Ingredients (makes 4 large or 6 medium servings):
5 small red potatoes (or 3 medium russet pototoes)
2 tbs butter
5 green onions
1/2 cup skim milk
3 pinches of shredded cheese of choice
salt & pepper
2 tbs canola oil
1 package of mushrooms, sliced
3 medium carrots, chopped
1/2 cup frozen peas
1 ear of corn, cut off of the cob, or 1/2 cup frozen corn
1 tbs fresh parsley, minced
1 tbs dried thyme
1 tbs garlic powder
1 tbs onion powder
1 lb lean ground turkey
1 glass of red wine
1 glug of Worcestershire sauce
1 cup of chicken stock
2 tbs ketchup
1 tbs flour
Directions:
1. Start with the smashed potatoes: cover potatoes with cold water in a large pot. Cover and bring to a boil. Once boiling, uncover and let boil for another 15 minutes, until easily pierced with a fork. Drain and add butter, green onions, milk, cheese, and plenty of salt & pepper. Smash, smush, and mix to fully blend. Set aside.
2. Heat canola oil over medium-high heat. Add carrots & mushrooms along with another large pinch of salt & pepper. Stir occasionally while letting components cook until beginning to crisp, about 8 minutes.
3. Add peas, corn, parsley, thyme, garlic powder, and onion powder. Stir and cook for 2 minutes.
4. Add turkey, stir and cook until browned, about 6 minutes. Meanwhile, preheat oven to 400F.
5. Add wine, stir and cook for 2 minutes. Add chicken stock, ketchup, and flour. Stir and let thicken for about 5 minutes.
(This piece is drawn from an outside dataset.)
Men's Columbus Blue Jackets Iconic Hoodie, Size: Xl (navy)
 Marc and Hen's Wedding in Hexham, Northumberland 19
6. Lightly grease a baking pan. Pour turkey mixture evenly in the baking pan & top with smashed potatoes. With a silicone spatula, push the potatoes evenly over the top of the turkey mixture, trying to cover every last bit.
7. Pop in preheated oven for 25 minutes, until bubbly, crisped, and golden on the top. Let cool for 5 minutes before spooning portions out.
Note: Although absolutely delicious fresh out of the oven...the leftovers are actually even better after letting all of the flavors meld overnight. Perfect for a lunch or dinner the next day!